The defendant’s contention that the trial court erred in seating a juror against whom he had exercised a peremptory challenge is without merit. Preliminarily, we note that the issue of whether a prima facie case of discrimination was established is moot (see, People v Payne, 88 NY2d 172, 182). Moreover, the court’s determination that the explanation proffered by counsel for exercising the peremptory challenge was pretextual in nature is supported by the record, which establishes that counsel failed to apply his reasoning for excluding this particular juror to similarly-situated potential jurors (see, People v Allen, 86 NY2d 101, 110).

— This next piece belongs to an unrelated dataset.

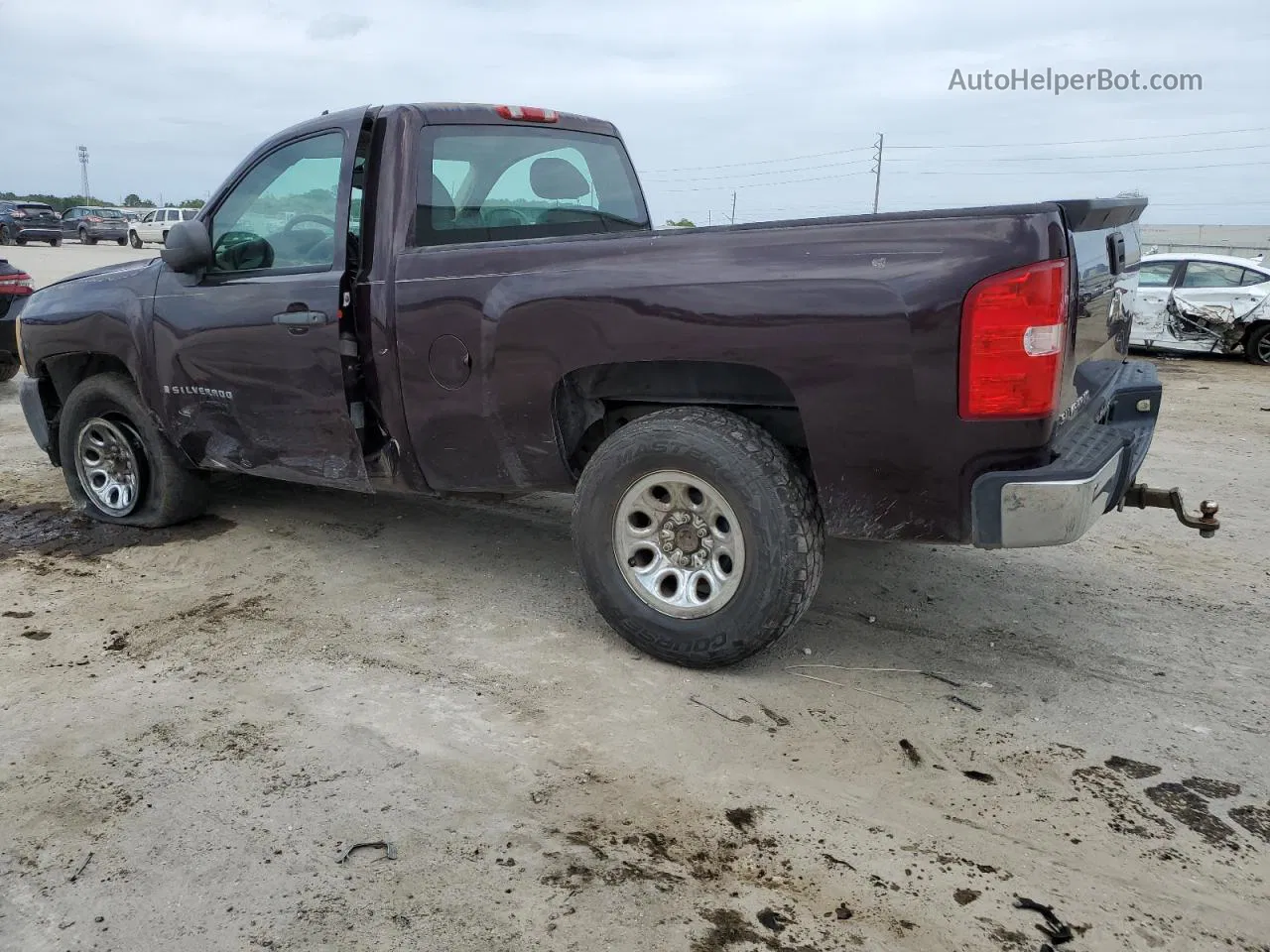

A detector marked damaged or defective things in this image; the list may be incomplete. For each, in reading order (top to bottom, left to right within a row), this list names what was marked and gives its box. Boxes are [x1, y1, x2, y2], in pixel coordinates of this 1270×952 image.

Contrary to the defendant’s contention, the court did not err in imposing consecutive sentences for the two robberies of which he was convicted. While the robberies of the two victims were part of the same incident, the crimes involved separate acts or takings from each individual of their respective property (see, People v Santos, 162 AD2d 478; compare, People v Ramirez, 89 NY2d 444). Concurrent sentences were not mandated because the two robberies were not committed through a single act, and the robbery of one of the victims was not a material element of the robbery of the other (see, Penal Law § 70.25 [2]). Moreover, the sentences are not excessive (see, People v Suitte, 90 AD2d 80).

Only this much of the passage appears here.